The days of British gas prices being seen in isolation are long gone, according to an academic at the University of Oxford’s Institute for Energy Studies.
At an event hosted by National Grid last week, Professor Jonathan Stern informed a business audience the “days of thinking about the UK gas market as separate disappeared some time ago.”
He noted how UK gas prices have “converged significantly” since 2008 with European prices.
Later, the professor said: “What happens in the UK is increasingly subject to what happens in the global market.”
Whether China decides to buy gas from Russia is likely to affect prices in future, he suggested, as this means “the question is, how much is left for Europe?”
“Last chance” saloon for Russia, Ukraine and EU?
On the Russia-Ukraine tensions, the academic argued it was against Russian President Vladimir Putin’s interests to provoke a European gas crisis.
Prof Stern said: “The last thing he [Putin] wants is a European gas shortage.

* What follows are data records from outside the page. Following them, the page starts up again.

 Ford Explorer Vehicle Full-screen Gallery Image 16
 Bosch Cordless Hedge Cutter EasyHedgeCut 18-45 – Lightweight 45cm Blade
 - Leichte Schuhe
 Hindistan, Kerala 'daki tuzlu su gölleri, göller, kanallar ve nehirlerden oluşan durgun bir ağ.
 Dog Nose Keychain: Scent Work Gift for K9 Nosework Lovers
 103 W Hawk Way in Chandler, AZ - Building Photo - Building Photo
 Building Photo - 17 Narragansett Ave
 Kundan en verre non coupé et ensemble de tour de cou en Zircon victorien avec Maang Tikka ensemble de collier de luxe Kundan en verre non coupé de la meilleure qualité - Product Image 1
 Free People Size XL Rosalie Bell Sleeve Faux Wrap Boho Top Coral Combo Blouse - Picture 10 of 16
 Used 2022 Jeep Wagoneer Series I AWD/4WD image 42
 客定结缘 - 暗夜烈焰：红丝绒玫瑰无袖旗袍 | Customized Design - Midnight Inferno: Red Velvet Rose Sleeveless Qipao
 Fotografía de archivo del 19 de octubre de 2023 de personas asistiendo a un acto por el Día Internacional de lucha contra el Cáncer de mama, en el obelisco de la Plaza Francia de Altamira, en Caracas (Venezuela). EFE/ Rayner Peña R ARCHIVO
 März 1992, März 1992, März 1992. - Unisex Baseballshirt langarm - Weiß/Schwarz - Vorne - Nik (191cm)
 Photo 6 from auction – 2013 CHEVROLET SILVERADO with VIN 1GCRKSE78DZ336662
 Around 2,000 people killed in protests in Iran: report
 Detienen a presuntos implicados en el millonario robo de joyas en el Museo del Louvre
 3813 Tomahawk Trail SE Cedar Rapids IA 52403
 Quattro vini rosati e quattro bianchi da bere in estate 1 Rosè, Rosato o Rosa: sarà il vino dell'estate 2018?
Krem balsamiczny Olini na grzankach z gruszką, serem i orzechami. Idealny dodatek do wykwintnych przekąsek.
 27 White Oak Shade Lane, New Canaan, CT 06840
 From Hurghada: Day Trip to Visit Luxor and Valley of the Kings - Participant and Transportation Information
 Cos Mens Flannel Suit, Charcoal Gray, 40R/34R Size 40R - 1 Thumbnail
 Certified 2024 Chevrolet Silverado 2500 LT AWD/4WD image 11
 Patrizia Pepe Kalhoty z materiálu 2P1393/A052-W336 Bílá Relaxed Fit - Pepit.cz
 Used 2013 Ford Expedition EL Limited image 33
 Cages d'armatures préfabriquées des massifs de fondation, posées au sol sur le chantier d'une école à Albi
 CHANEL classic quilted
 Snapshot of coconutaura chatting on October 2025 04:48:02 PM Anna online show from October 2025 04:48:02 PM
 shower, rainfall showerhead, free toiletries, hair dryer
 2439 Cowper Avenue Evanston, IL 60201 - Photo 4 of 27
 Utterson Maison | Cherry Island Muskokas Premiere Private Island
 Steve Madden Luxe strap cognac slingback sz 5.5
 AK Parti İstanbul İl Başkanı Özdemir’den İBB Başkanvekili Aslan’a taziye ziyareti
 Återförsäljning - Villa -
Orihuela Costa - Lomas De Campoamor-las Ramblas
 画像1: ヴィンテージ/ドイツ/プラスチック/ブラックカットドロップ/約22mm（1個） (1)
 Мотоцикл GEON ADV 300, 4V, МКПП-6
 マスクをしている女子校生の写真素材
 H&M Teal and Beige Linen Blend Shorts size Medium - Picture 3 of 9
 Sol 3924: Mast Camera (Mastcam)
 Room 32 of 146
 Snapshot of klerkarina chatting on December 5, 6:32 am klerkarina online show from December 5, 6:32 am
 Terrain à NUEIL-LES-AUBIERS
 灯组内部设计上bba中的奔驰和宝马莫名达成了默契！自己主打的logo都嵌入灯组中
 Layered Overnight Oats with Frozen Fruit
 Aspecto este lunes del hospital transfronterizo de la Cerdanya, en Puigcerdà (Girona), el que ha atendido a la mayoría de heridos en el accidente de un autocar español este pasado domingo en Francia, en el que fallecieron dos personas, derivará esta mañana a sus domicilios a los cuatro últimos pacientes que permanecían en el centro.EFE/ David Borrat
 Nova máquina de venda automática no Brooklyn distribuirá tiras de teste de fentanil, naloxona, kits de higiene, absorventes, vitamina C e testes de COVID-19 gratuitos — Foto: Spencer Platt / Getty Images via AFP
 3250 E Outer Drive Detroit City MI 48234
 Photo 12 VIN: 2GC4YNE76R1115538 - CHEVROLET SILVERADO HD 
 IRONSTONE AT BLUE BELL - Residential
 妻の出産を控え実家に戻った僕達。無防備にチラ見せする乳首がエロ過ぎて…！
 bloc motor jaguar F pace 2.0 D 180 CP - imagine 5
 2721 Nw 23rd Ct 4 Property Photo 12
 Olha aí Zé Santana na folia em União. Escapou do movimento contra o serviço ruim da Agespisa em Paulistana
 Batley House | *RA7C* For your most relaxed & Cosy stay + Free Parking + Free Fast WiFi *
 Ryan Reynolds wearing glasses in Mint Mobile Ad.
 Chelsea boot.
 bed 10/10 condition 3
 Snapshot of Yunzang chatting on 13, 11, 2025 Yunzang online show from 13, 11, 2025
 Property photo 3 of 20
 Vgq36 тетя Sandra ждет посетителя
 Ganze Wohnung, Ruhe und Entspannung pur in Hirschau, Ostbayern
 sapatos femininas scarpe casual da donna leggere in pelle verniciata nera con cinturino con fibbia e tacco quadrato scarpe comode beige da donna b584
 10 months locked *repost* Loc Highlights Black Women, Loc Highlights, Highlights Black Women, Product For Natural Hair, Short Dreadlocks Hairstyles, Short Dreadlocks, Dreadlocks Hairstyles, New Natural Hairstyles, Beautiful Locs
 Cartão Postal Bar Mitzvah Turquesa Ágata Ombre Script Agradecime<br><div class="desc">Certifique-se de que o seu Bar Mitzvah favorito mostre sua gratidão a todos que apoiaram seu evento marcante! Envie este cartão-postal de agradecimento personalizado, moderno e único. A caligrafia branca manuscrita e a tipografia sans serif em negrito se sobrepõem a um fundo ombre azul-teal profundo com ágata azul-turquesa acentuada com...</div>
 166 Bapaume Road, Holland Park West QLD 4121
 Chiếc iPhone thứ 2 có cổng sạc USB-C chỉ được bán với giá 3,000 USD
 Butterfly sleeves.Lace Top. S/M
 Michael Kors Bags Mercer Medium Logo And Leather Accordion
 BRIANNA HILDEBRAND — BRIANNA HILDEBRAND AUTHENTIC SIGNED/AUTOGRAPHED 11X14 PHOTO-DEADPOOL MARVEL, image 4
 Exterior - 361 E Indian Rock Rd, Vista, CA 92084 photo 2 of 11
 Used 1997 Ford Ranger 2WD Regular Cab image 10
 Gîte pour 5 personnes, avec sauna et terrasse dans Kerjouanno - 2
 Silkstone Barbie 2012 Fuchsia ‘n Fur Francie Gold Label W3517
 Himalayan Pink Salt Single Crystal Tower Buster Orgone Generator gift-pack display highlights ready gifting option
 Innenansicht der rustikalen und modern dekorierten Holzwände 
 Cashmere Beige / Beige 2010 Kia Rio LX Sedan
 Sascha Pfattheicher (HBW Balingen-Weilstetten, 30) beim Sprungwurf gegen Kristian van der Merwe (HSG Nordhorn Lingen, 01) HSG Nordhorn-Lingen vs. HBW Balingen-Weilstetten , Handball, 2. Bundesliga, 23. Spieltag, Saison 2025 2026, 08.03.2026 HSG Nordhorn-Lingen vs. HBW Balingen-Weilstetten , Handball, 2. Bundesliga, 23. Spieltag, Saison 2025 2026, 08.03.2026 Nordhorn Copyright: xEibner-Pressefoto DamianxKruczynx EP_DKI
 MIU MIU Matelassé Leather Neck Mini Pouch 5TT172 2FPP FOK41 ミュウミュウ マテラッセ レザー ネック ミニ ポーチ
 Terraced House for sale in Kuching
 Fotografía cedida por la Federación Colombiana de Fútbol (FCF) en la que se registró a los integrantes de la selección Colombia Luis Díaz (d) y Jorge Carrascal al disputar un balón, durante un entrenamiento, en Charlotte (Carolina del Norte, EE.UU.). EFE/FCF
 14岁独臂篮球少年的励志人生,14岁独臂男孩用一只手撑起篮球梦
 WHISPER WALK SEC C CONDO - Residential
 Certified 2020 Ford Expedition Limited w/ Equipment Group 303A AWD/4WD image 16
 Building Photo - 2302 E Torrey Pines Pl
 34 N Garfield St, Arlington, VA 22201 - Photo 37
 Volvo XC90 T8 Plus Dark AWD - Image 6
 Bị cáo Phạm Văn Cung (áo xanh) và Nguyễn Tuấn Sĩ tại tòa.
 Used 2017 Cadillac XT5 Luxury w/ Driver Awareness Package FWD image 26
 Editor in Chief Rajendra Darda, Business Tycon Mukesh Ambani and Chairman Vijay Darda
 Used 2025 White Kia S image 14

But he has [expressed an] absolute determination to not allow Ukraine to ‘steal gas'”.
Countries closer to Russia are far more likely than western European nations to feel the crunch, such as Bosnia, Serb, Macedonia, possibly even Bulgaria, he said.
This week Thursday and Friday are “crucial days” and offer a “last chance” to reach an agreement between the two nations before winter.
That’s because the EU’s energy lead, Commissioner Oettinger, will be moving jobs and though he has done an “excellent job”, the professor reasoned however “capable” his successors are they have “no background” in the discussions.